**Input for this task**:
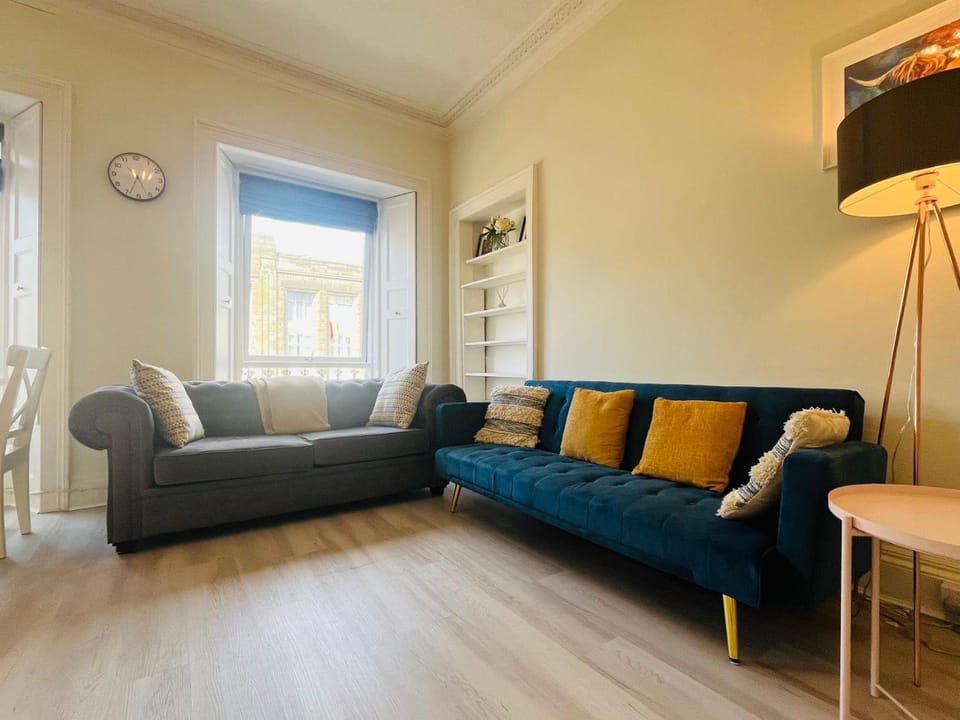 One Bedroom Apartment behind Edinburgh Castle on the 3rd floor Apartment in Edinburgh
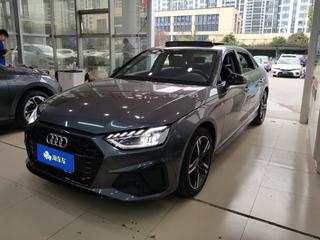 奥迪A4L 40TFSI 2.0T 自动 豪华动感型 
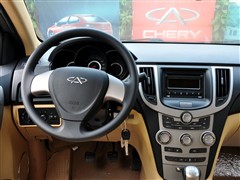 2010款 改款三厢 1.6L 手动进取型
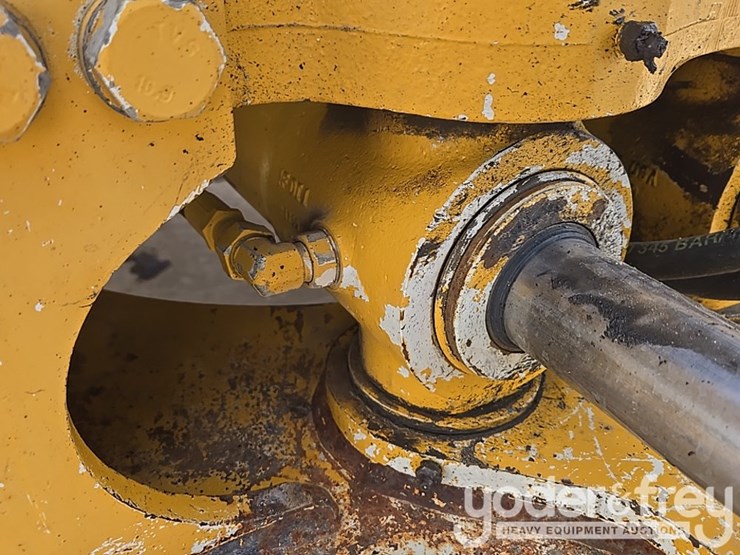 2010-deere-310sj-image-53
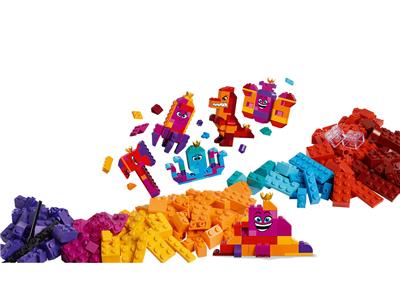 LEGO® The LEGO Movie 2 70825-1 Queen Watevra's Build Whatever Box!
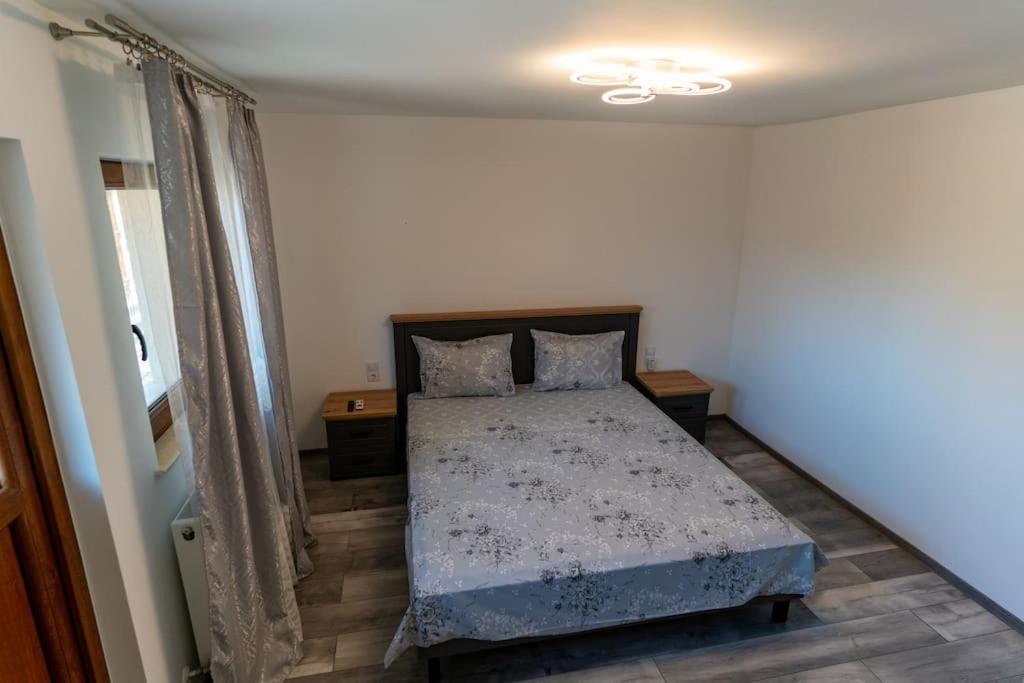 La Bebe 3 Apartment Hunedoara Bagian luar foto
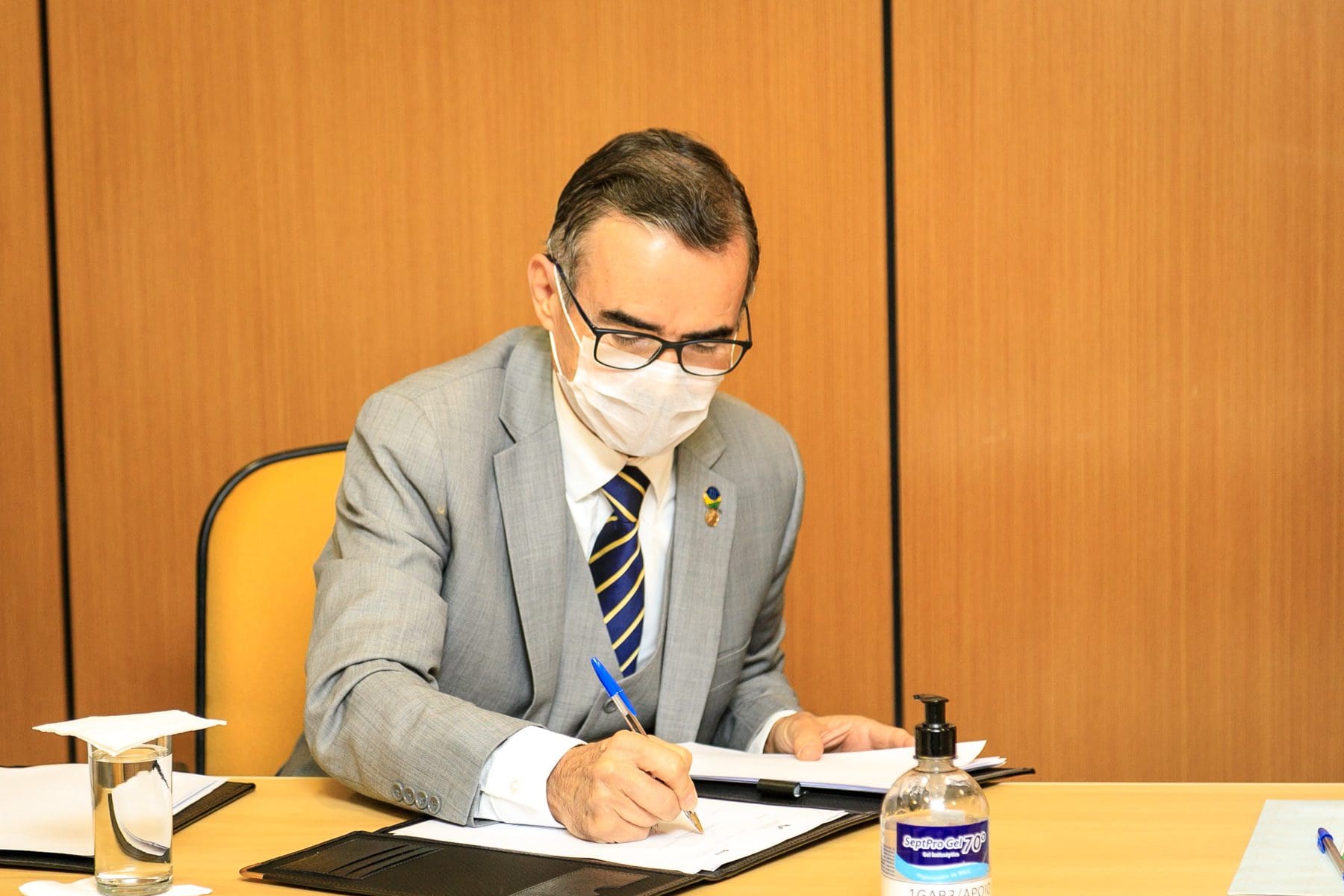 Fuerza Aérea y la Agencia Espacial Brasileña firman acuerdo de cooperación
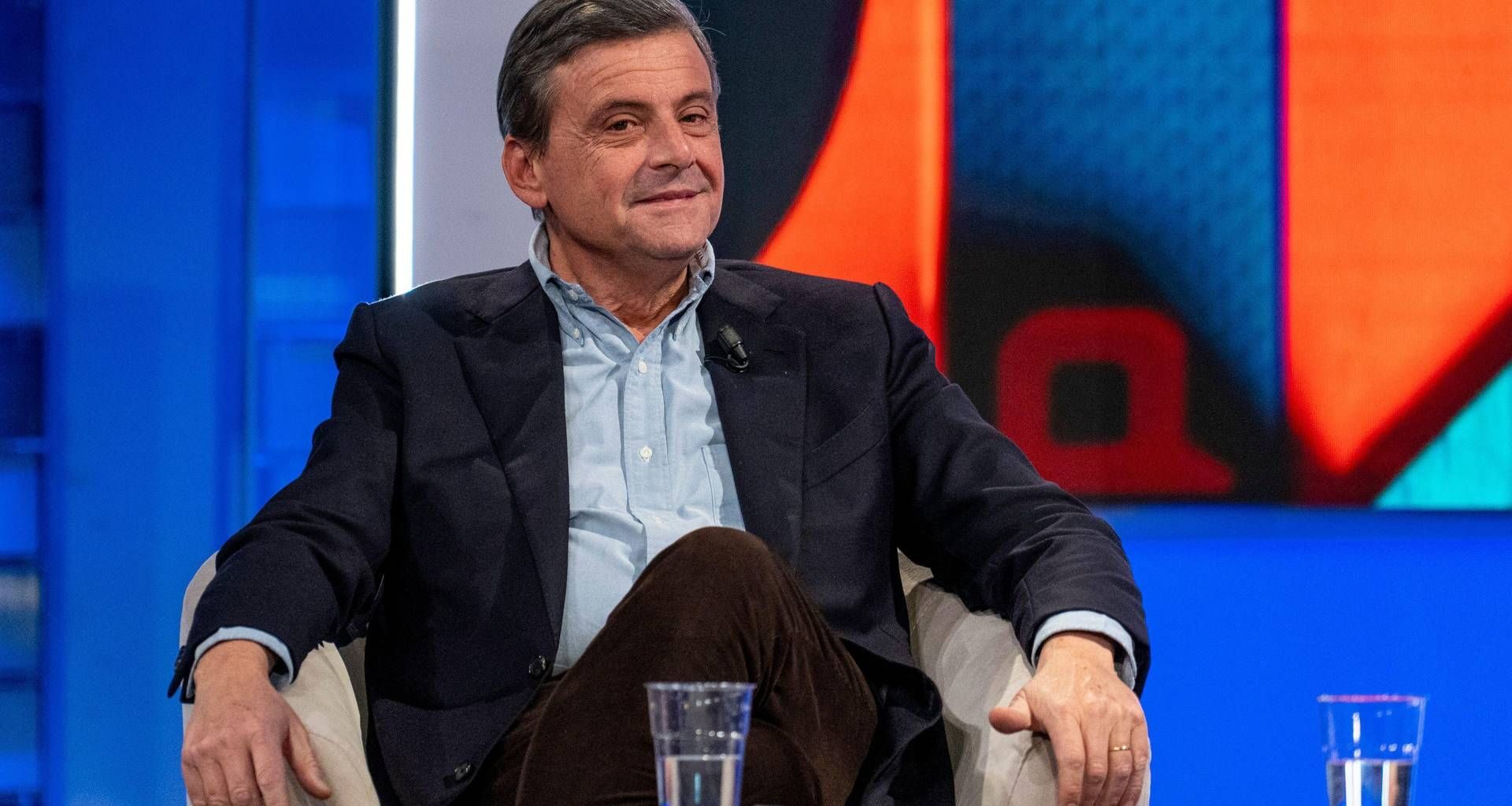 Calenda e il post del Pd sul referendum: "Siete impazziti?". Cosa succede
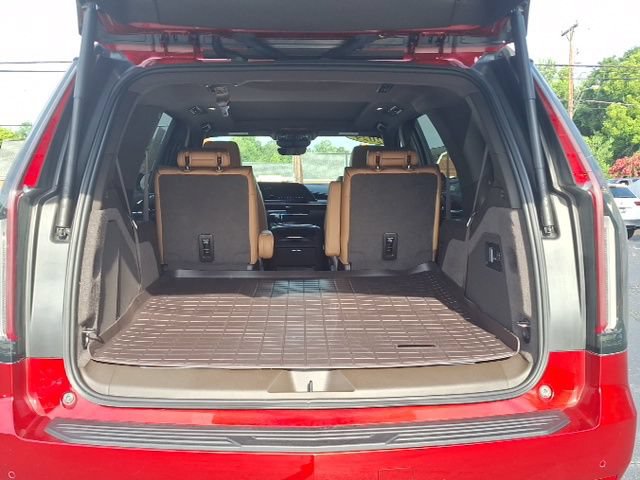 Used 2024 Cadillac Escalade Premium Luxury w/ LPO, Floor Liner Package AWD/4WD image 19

**Task objective**: Your task is to copy exactly the lines from the line containing "2010-deere-310sj-image-53" through the final line of the listing above and to omit every picture.

**Exercise answer**:
 2010-deere-310sj-image-53
 LEGO® The LEGO Movie 2 70825-1 Queen Watevra's Build Whatever Box!
 La Bebe 3 Apartment Hunedoara Bagian luar foto
 Fuerza Aérea y la Agencia Espacial Brasileña firman acuerdo de cooperación
 Calenda e il post del Pd sul referendum: "Siete impazziti?". Cosa succede
 Used 2024 Cadillac Escalade Premium Luxury w/ LPO, Floor Liner Package AWD/4WD image 19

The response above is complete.